There are many reasons that students in biology classes are asked to perform dissections, and they have a lot to do with understanding the body and the wider world. In dissecting an animal, students see, touch, and explore the various organs in the body. Seeing these organs and understanding how they work within a single animal allows students to understand how these systems work within many other animals, including themselves. While there are various aspects that may differ between humans and other animals, many of the organ systems in complex animals work in similar ways to those of humans.

One reason frogs are often chosen to be dissected is that their bodies provide a good overview of the organ systems of a complex living thing. While the way their bodies work is nowhere near identical to a human’s, there are many similarities. The organs present in a frog, and the way they are laid out in the body, are similar enough to humans to provide insight for students about how their bodies work.

In addition to learning about themselves, students can learn about ecology and evolution through frog dissection. Certain body structures and adaptations can be seen in frogs that illustrate how they evolved over time and how they fill particular niches in the ecosystems they belong to. For example, the tongue of a frog has adapted to have great length, strength, and speed in order to effectively catch insects in flight.

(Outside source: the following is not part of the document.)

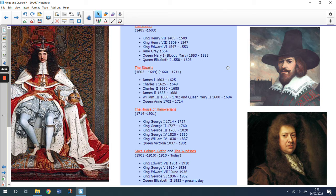Henry, Henry, Edward, Jane, Mary, Elizabeth, James, Charles, Charles, James, William, Mary, Anne, George, George, George, George, William, Victoria, Edward, George, Edward, George, Elizabeth. Wow, did you hear the name George quite a lot?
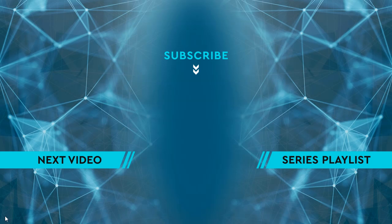Thanks for watching. Please hit the like button, and then leave me a comment down below. To see the next video, click on the image on the left side of the screen. To see the entire playlist for the series, click on the image on the right side of the screen. And to keep up to date on all the latest content, hit the subscribe button in the middle.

The role that this tongue allows the frog to fulfill—consuming insects as its primary food source—is important in the balance of many ecosystems the frog is a part of.

There are practical advantages in using frogs, too. They're an appropriate size for dissection in the classroom and make the process manageable for students and teachers. Also, frogs have a relatively short life span to begin with, and while some species are rare in some places, others are abundant and are therefore prime candidates for use in dissection. Bullfrogs, for example, are an invasive species in much of the United States. While they naturally help to control insect populations, they are also threatening native populations of other animals. This is especially the case when it comes to other frogs—bullfrogs are known to eat other frogs and drive other frog species out of their natural habitats. Bullfrogs, while not the only frogs used for dissection, are among the most common. The use of these frogs serves a dual purpose, controlling their populations and providing a learning experience at the same time.

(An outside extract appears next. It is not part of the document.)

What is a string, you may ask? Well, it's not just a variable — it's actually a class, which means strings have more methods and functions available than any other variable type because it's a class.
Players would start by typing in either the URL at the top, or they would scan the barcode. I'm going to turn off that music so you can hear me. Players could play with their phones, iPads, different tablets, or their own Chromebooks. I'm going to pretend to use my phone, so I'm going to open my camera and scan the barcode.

While it is true that many people, for many different reasons, oppose dissection in the classroom, and offer alternatives like models or online options, dissection is still a valued educational tool thanks to its hands-on nature. It is thought that if students see and feel these organ systems for themselves, they will take more out of the lesson than if the teacher just lectured or assigned readings about it. Also, some teachers express the hope that by learning about their own bodies through dissection, students will come to respect how their bodies work, and think about how they treat them and what they put into them.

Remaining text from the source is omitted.